> _GIVEN RECORDS_:
▶
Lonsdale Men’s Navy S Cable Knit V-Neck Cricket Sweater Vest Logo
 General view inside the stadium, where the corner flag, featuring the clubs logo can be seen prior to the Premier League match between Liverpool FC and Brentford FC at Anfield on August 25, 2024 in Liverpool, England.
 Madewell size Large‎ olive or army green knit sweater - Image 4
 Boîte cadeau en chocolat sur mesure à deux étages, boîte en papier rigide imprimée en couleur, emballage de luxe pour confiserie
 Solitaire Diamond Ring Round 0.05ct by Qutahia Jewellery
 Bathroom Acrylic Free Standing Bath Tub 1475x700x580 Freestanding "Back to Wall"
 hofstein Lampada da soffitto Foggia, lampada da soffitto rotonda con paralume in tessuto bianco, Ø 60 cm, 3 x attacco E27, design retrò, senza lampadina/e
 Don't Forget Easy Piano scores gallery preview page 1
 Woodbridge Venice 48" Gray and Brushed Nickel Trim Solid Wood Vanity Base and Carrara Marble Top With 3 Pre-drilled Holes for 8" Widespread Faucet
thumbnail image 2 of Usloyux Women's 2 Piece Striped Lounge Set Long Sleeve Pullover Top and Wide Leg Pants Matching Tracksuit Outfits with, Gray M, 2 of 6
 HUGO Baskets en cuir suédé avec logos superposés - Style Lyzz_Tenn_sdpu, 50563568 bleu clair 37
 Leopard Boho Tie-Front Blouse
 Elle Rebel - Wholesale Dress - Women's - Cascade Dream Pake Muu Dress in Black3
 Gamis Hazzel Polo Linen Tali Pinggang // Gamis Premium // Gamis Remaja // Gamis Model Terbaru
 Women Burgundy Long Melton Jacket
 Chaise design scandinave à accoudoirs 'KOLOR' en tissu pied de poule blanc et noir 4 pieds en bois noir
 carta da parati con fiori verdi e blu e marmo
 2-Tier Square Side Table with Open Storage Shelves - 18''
◀
> _WORK TASK_:
A complete, exact transcription of the data above is required.

> _EXPECTED OUTPUT_:
Lonsdale Men’s Navy S Cable Knit V-Neck Cricket Sweater Vest Logo
 General view inside the stadium, where the corner flag, featuring the clubs logo can be seen prior to the Premier League match between Liverpool FC and Brentford FC at Anfield on August 25, 2024 in Liverpool, England.
 Madewell size Large‎ olive or army green knit sweater - Image 4
 Boîte cadeau en chocolat sur mesure à deux étages, boîte en papier rigide imprimée en couleur, emballage de luxe pour confiserie
 Solitaire Diamond Ring Round 0.05ct by Qutahia Jewellery
 Bathroom Acrylic Free Standing Bath Tub 1475x700x580 Freestanding "Back to Wall"
 hofstein Lampada da soffitto Foggia, lampada da soffitto rotonda con paralume in tessuto bianco, Ø 60 cm, 3 x attacco E27, design retrò, senza lampadina/e
 Don't Forget Easy Piano scores gallery preview page 1
 Woodbridge Venice 48" Gray and Brushed Nickel Trim Solid Wood Vanity Base and Carrara Marble Top With 3 Pre-drilled Holes for 8" Widespread Faucet
thumbnail image 2 of Usloyux Women's 2 Piece Striped Lounge Set Long Sleeve Pullover Top and Wide Leg Pants Matching Tracksuit Outfits with, Gray M, 2 of 6
 HUGO Baskets en cuir suédé avec logos superposés - Style Lyzz_Tenn_sdpu, 50563568 bleu clair 37
 Leopard Boho Tie-Front Blouse
 Elle Rebel - Wholesale Dress - Women's - Cascade Dream Pake Muu Dress in Black3
 Gamis Hazzel Polo Linen Tali Pinggang // Gamis Premium // Gamis Remaja // Gamis Model Terbaru
 Women Burgundy Long Melton Jacket
 Chaise design scandinave à accoudoirs 'KOLOR' en tissu pied de poule blanc et noir 4 pieds en bois noir
 carta da parati con fiori verdi e blu e marmo
 2-Tier Square Side Table with Open Storage Shelves - 18''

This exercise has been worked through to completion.